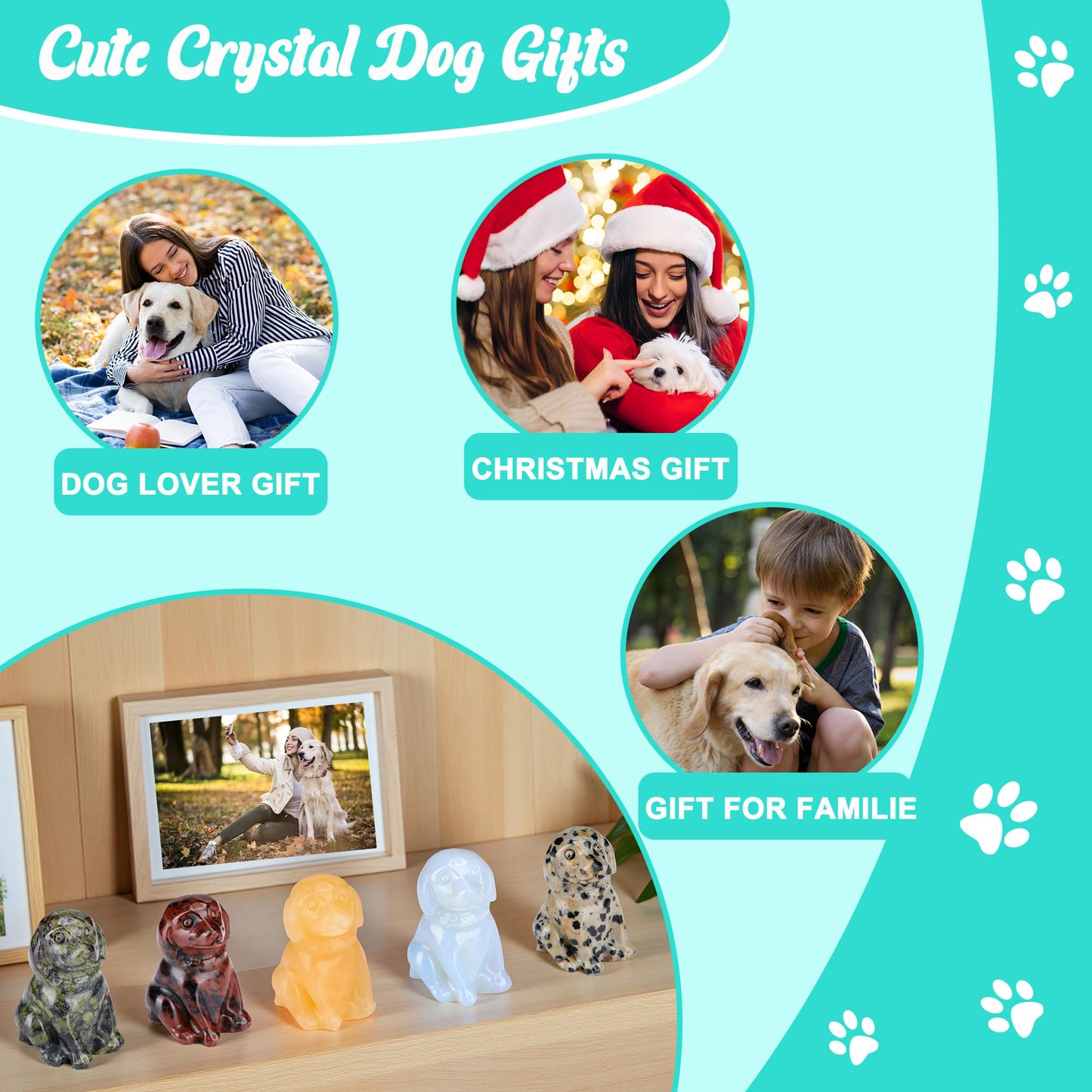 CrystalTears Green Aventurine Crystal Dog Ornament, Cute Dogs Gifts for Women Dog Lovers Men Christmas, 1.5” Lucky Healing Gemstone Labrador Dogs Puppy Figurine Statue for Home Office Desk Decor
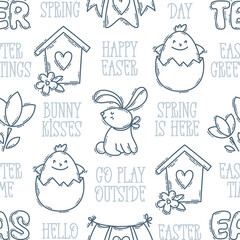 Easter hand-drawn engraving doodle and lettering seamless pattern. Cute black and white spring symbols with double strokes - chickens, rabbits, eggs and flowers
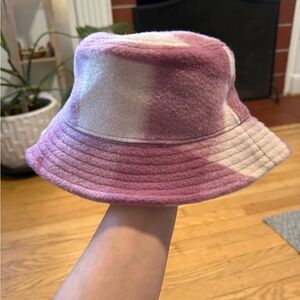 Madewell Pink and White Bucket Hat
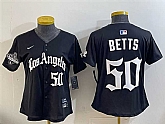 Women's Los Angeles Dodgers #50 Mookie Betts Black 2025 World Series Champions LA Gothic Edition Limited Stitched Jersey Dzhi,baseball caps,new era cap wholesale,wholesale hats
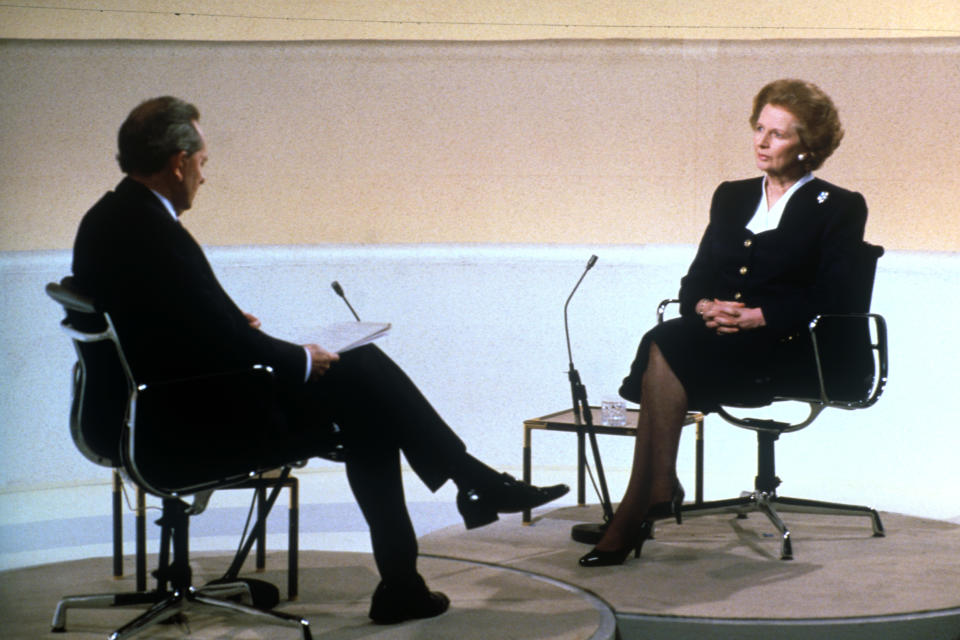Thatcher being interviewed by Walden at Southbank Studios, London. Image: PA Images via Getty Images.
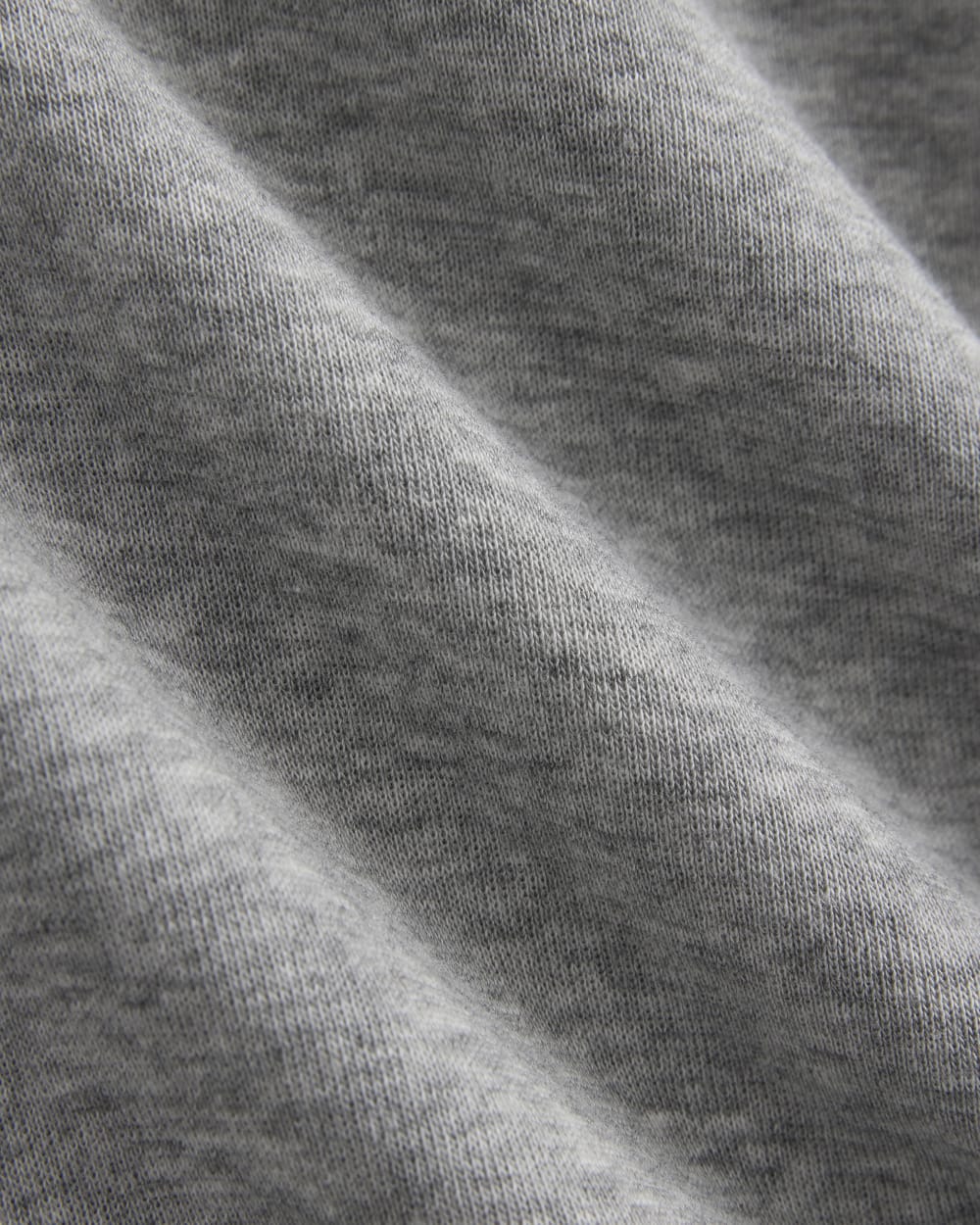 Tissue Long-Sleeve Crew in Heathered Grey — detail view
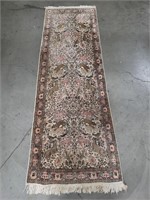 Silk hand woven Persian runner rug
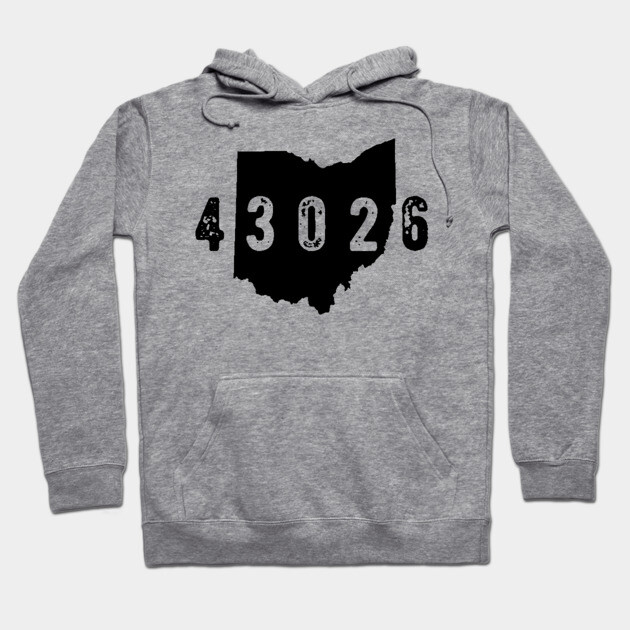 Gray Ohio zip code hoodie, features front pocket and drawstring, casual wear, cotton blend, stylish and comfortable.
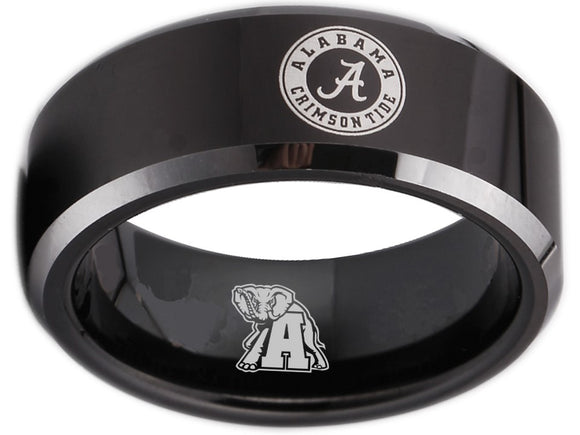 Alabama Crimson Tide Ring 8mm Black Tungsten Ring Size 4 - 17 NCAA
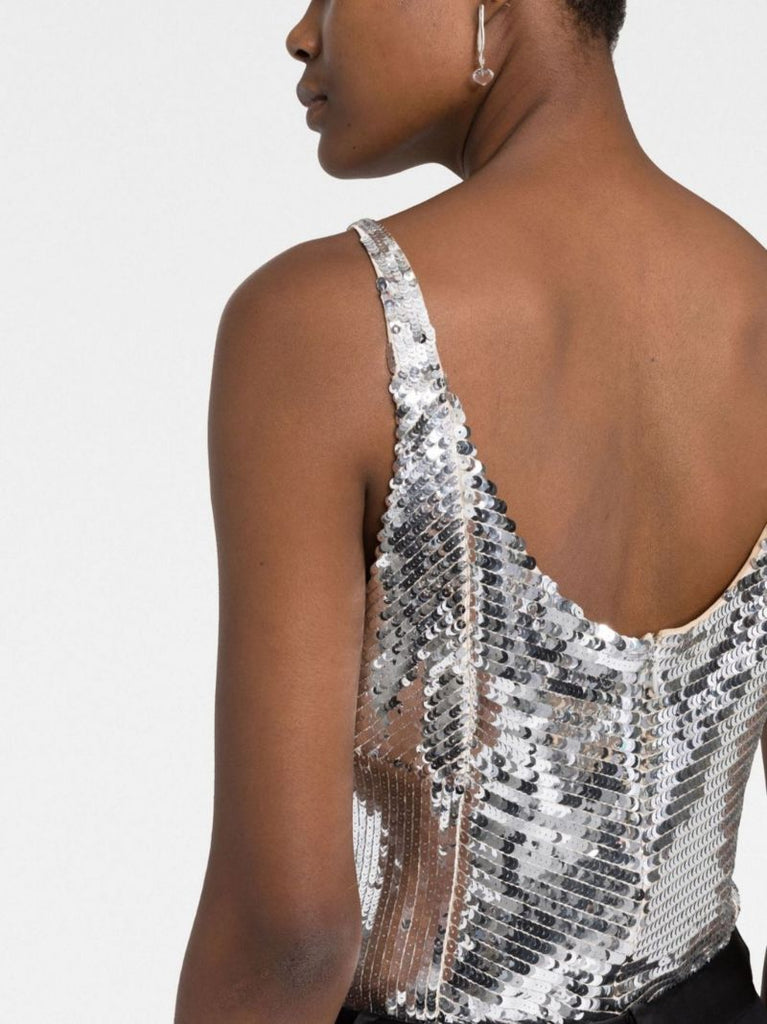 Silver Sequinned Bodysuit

******************************

TASK ITEM
Starting at the line that contains "Silk hand woven Persian runner rug", reproduce exactly and only the lines through the end of the entries above, with the pictures excluded.

TASK SOLUTION
 Silk hand woven Persian runner rug
 Gray Ohio zip code hoodie, features front pocket and drawstring, casual wear, cotton blend, stylish and comfortable.
 Alabama Crimson Tide Ring 8mm Black Tungsten Ring Size 4 - 17 NCAA
 Silver Sequinned Bodysuit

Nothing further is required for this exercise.